WHAT TO DO —
Using the string "look" as the key, pull each matching line out of the records below.

MATERIAL FOR THIS TASK —
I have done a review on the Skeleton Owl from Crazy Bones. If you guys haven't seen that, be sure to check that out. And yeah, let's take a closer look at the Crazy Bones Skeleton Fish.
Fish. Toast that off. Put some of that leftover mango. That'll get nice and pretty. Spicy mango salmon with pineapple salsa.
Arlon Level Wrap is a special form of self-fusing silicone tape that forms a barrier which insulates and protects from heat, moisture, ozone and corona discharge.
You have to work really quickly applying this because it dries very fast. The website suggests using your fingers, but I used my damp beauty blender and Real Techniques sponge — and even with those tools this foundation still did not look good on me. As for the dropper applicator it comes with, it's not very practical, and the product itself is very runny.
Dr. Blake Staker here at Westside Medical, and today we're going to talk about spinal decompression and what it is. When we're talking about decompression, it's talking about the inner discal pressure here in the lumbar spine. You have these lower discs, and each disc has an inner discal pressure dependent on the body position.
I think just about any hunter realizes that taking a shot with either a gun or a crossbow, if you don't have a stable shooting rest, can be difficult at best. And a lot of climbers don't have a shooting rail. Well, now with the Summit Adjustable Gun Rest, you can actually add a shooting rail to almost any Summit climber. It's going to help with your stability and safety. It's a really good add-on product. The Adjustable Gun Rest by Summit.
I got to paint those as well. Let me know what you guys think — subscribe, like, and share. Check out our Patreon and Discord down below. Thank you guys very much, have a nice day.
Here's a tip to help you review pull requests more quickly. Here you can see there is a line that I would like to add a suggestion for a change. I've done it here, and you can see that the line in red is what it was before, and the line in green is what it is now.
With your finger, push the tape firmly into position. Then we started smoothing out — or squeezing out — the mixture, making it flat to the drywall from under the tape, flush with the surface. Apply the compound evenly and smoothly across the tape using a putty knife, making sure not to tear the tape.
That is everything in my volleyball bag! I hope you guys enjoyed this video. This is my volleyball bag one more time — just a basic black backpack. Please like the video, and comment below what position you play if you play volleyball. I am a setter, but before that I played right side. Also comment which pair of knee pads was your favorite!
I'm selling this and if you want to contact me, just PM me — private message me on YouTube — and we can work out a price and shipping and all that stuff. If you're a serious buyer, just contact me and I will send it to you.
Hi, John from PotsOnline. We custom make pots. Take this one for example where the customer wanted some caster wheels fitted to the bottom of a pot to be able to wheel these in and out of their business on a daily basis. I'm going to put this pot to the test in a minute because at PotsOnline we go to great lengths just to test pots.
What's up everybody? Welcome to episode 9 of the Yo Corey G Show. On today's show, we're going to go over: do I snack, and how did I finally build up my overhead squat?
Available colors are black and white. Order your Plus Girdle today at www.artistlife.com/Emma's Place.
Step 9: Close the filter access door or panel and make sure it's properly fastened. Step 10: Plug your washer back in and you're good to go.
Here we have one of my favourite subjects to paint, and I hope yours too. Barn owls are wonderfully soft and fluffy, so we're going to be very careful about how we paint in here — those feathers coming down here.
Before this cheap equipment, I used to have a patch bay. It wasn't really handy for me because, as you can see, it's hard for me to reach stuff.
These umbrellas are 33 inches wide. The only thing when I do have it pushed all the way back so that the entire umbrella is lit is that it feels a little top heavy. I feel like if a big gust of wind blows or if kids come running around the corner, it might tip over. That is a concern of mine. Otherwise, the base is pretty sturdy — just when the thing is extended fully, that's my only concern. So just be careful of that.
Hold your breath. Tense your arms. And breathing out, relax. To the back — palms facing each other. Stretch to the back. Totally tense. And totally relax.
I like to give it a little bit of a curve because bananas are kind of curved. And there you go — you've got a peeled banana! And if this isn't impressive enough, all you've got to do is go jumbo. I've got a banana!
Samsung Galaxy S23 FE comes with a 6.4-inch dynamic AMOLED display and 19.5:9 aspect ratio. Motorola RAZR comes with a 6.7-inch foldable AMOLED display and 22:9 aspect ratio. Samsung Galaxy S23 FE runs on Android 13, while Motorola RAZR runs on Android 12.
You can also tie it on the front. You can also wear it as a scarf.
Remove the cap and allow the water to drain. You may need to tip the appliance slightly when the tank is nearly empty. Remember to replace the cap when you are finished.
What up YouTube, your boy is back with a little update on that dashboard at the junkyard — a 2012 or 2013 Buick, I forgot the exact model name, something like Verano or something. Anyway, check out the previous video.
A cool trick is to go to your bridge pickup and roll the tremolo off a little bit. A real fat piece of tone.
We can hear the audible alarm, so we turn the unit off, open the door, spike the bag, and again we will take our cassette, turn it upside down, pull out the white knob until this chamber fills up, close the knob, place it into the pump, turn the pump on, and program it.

RESULT BELOW —
I have done a review on the Skeleton Owl from Crazy Bones. If you guys haven't seen that, be sure to check that out. And yeah, let's take a closer look at the Crazy Bones Skeleton Fish.
You have to work really quickly applying this because it dries very fast. The website suggests using your fingers, but I used my damp beauty blender and Real Techniques sponge — and even with those tools this foundation still did not look good on me. As for the dropper applicator it comes with, it's not very practical, and the product itself is very runny.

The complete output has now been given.